### INSTRUCTIONS FOR THE TASK
Below are the entries; give again exactly the lines from the one mentioning "Knox Rose Sharkbite" through the one mentioning "Men's T-Shirt Denim", inclusive.

### THE DATA
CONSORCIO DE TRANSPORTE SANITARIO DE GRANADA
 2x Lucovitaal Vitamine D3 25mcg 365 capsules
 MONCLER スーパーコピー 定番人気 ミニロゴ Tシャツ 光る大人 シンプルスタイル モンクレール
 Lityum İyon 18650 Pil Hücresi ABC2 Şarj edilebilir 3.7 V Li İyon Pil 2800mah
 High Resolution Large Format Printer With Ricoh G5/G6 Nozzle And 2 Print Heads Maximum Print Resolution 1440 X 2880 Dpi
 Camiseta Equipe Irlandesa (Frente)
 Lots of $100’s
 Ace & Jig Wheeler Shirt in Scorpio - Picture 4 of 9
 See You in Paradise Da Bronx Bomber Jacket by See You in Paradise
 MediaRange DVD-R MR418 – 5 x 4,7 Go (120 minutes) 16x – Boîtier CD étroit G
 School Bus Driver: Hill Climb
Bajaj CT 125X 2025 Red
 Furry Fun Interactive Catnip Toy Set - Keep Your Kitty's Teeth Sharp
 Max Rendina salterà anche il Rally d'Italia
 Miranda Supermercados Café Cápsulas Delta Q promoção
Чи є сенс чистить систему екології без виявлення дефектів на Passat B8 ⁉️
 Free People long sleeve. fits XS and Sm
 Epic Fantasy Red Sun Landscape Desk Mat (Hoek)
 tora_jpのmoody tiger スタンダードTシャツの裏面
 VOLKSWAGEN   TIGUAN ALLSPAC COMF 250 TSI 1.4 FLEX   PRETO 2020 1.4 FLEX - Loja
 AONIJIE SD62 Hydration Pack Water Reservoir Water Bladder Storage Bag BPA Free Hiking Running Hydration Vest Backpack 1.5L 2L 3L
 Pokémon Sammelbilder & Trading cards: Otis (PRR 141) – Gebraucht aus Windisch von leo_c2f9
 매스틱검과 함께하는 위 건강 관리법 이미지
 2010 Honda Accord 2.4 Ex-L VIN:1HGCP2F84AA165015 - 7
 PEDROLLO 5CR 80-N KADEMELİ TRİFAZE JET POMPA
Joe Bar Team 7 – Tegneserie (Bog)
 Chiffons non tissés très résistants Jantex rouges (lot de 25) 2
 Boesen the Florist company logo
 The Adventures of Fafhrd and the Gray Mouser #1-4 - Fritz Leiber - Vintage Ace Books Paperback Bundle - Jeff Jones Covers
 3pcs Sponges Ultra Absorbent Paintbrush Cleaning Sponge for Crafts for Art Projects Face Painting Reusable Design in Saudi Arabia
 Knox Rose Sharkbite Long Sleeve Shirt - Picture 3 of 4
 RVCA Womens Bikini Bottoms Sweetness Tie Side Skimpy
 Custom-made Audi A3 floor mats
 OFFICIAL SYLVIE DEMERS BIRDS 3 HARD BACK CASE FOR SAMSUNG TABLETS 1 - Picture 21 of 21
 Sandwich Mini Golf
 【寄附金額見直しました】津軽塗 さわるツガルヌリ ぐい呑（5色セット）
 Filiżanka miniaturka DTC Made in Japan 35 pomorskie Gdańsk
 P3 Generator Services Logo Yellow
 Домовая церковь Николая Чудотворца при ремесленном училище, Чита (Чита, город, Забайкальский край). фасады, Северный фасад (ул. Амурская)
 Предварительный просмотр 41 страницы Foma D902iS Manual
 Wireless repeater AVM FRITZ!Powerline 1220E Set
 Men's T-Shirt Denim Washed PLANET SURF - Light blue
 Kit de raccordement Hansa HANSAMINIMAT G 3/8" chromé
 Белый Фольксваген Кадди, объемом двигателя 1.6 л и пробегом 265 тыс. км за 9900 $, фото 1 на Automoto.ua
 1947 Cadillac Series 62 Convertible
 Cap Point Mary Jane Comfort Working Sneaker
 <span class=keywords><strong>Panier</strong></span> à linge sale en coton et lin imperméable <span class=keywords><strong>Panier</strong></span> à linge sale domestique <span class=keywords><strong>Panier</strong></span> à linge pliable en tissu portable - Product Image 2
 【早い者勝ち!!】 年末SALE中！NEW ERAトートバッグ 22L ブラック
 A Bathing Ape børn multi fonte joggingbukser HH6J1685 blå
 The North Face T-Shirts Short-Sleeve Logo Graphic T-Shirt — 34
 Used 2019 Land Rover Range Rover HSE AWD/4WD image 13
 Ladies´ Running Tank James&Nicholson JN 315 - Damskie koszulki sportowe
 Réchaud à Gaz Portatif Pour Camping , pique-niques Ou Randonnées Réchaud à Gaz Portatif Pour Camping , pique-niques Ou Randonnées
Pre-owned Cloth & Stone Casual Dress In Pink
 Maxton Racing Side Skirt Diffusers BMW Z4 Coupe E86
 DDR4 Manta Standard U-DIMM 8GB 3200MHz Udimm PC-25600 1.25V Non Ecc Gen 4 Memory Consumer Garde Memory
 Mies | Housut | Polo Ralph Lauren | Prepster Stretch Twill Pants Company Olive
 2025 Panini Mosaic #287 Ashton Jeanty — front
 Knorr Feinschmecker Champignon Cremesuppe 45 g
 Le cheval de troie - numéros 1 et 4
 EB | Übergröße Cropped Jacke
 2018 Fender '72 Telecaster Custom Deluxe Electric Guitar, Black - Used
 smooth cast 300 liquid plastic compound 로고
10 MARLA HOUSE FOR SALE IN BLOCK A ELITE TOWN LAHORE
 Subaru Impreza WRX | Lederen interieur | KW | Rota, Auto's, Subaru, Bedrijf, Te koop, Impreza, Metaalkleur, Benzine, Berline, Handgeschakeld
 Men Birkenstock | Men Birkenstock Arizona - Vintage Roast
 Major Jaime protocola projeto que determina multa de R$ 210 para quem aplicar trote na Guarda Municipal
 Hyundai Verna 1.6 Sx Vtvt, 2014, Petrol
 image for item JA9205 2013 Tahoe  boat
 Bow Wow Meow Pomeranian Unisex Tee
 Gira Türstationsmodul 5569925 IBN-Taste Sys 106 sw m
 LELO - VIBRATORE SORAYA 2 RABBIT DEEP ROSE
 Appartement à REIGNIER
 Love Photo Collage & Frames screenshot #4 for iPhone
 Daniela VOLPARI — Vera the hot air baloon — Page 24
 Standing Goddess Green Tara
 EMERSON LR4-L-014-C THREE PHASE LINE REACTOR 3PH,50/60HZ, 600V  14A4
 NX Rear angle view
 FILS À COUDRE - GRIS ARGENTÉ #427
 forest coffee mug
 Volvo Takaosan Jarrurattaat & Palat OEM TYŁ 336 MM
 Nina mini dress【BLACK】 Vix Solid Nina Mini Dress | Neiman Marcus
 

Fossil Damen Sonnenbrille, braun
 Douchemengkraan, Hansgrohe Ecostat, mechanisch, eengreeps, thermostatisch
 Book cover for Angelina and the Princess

### ANSWER SECTION
 Knox Rose Sharkbite Long Sleeve Shirt - Picture 3 of 4
 RVCA Womens Bikini Bottoms Sweetness Tie Side Skimpy
 Custom-made Audi A3 floor mats
 OFFICIAL SYLVIE DEMERS BIRDS 3 HARD BACK CASE FOR SAMSUNG TABLETS 1 - Picture 21 of 21
 Sandwich Mini Golf
 【寄附金額見直しました】津軽塗 さわるツガルヌリ ぐい呑（5色セット）
 Filiżanka miniaturka DTC Made in Japan 35 pomorskie Gdańsk
 P3 Generator Services Logo Yellow
 Домовая церковь Николая Чудотворца при ремесленном училище, Чита (Чита, город, Забайкальский край). фасады, Северный фасад (ул. Амурская)
 Предварительный просмотр 41 страницы Foma D902iS Manual
 Wireless repeater AVM FRITZ!Powerline 1220E Set
 Men's T-Shirt Denim Washed PLANET SURF - Light blue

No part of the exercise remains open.